06-23-2016 04:21 PM
I have a data set and I am trying to flag all variables that have the word "treatment" or "tx" with a 1 else 0. However, there are some observations which have the following description: "Supplies-treatment" or "supplies-tx". For these, I DO NOT want them to be flagged with a 1.
Here is my code:
if prxmatch("m/tx|treatment|treat/oi",description) > 0 then tx=1;
this works perfectly! When I run a proc freq I see that there are 33314 obs flagged with a 1.
But then I want to unflag all the descriptions that have the word "supplies" in them. In order to accomplish this I thought I could use a prxmatch as above but on the new dataset I just created with all the words "treatment" flagged with 1, and when it came across any descriptions with "supplies" it would flag it as a 0. I used this code next after running the above code to accomplish the aforementioned:
if prxmatch("m/supplies/oi",description) > 0 then tx=0;
However, when I run a proc freq, I see that it has incorrectly flagged my variables somehow.

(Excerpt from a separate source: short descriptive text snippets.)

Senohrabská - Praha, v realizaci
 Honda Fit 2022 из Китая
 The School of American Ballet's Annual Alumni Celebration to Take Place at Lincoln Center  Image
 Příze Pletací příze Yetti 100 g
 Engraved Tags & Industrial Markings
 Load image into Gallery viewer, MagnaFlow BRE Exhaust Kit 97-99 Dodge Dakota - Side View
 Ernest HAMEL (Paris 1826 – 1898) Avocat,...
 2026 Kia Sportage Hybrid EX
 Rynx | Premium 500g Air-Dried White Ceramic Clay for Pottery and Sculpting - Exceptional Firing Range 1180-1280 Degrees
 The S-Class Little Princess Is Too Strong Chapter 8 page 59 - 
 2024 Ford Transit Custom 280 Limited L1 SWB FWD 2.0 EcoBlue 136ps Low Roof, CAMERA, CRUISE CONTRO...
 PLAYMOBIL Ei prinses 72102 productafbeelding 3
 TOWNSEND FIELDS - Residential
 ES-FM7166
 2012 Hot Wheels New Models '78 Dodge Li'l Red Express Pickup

Instead of having LESS than 33314 obs flagged with a 1 (which should be the case because I am eliminating "supplies-treatment") I actually have MORE obs that have been flagged with a 1. 64174 to be exact!
I did a proc print on 100 obs but everything looks good..what is going on?? What is my code doing exactly?
06-23-2016 11:35 PM
Your second step overwrites tx for every obs. So the end result is just the last test, i.e. anything not supplies is flagged.
In a single step:
data flagtx; set flagtxdc; tx = 0; if prxmatch("m/tx|treatment|treat/oi", description) > 0 then if prxmatch("m/supplies/oi", description) = 0 then tx = 1; run;